Ao modular a composição e características materiais de um microgel, os pesquisadores podem obter controle preciso sobre o microambiente celular, direcionando assim o comportamento celular de forma dependente do material. Os microgels podem ser empregados por conta própria ou combinados com sistemas biomateriais a granel para transmitir funcionalidades específicas, como a liberação estendida de fatores bioativos ou sinalização especial precisa para células nativas ou exógenas. Biomateriais e microgésis surgiram como caminhos de tratamento atraentes para lesões de placas de crescimento. Esforços significativos têm sido dedicados ao desenvolvimento de biomateriais à base de alginato e chitosan para tratar lesões de placas de crescimento 21,22,23,24,25. Devido à natureza temporal dinâmica da ossificação da placa de crescimento e do alongamento ósseo, o mecanismo de formação de barras ósseas não é totalmente compreendido.

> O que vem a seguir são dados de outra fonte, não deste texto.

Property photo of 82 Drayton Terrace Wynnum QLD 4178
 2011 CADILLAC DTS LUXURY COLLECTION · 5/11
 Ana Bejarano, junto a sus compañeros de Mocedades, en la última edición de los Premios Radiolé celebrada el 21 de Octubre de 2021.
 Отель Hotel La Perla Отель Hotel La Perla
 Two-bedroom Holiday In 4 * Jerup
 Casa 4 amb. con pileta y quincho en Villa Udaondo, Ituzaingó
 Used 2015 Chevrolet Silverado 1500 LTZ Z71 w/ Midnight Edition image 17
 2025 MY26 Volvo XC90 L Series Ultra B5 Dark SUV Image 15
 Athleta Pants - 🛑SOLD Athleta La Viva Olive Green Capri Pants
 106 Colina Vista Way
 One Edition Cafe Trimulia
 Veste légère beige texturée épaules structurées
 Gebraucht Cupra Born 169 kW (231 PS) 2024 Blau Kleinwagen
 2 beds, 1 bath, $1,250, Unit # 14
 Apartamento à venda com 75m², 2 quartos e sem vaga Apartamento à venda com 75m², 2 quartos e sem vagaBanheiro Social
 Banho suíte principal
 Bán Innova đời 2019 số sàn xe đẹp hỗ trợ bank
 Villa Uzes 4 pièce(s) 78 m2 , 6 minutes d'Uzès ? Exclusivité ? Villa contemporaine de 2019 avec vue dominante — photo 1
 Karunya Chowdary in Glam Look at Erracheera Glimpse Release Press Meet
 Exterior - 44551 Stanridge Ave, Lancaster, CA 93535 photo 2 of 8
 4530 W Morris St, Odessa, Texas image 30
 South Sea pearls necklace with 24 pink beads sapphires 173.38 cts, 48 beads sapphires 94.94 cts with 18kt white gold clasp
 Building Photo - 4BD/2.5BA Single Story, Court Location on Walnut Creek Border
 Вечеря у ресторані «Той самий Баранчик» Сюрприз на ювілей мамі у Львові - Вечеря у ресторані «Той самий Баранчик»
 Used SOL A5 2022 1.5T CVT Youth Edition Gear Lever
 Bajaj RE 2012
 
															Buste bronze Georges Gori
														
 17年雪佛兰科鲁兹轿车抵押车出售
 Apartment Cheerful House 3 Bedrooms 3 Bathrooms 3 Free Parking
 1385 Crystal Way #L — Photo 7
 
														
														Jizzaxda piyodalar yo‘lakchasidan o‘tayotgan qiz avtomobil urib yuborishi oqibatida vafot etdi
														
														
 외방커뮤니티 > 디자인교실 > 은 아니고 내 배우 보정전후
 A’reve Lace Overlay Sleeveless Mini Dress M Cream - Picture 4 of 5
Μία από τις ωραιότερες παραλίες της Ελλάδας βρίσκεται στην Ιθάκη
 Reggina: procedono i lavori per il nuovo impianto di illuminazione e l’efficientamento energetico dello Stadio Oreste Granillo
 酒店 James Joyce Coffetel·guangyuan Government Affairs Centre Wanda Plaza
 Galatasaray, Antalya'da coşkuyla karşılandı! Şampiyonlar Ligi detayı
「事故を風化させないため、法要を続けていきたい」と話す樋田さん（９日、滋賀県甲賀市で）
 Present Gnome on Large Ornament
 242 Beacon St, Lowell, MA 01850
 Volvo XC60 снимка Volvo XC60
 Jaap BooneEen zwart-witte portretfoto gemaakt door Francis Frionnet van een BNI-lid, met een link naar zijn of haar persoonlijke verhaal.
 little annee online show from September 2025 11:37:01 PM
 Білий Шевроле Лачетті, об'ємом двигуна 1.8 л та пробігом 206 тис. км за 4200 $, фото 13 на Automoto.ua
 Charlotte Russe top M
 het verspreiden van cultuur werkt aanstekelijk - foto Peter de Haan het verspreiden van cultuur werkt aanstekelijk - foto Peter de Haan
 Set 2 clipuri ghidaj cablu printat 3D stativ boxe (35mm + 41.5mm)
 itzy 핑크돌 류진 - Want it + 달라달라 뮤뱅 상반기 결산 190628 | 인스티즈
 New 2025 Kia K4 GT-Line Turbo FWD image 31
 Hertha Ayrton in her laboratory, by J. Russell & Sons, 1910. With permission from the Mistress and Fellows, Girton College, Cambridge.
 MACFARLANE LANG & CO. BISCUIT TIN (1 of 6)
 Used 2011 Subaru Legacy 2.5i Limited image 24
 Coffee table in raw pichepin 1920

Por isso, diversos modelos animais foram desenvolvidos para melhor elucidar os mecanismos de ossificação endocondral e formação de barras ósseas, como em ratos, coelhos e ovelhas 26,27,28. Um desses modelos é um modelo de lesão de placa de crescimento de ratos, que usa um defeito de furo na tíbia de rato para produzir uma barra óssea de forma previsível e reprodutível e imita lesões humanas em todas as três zonas da placa de crescimento29,30. Várias estratégias baseadas em biomateriais para o tratamento de lesões de placas de crescimento foram testadas usando este modelo. Além disso, foram desenvolvidos dois métodos diferentes para a fabricação de microgéis chitosanos, que podem ser usados como um sistema biomaterial injetável que libera terapêuticas de forma sustentada10,31. Estes microgels foram empregados em um modelo de lesão fiseal de ratos, e apresentaram melhor regeneração da cartilagem31 ao liberar SDF-1a e TGF-b3. As técnicas fornecidas neste protocolo descrevem métodos desenvolvidos para fabricar esses microgéis chitosanos, que podem então ser empregados em uma ampla variedade de aplicações de engenharia de tecidos. Por exemplo, estudos recentes têm usado microgelis quitosanos termo ou magento-responsivos para aplicações de entrega de medicamentos oncológicos controlados32,33.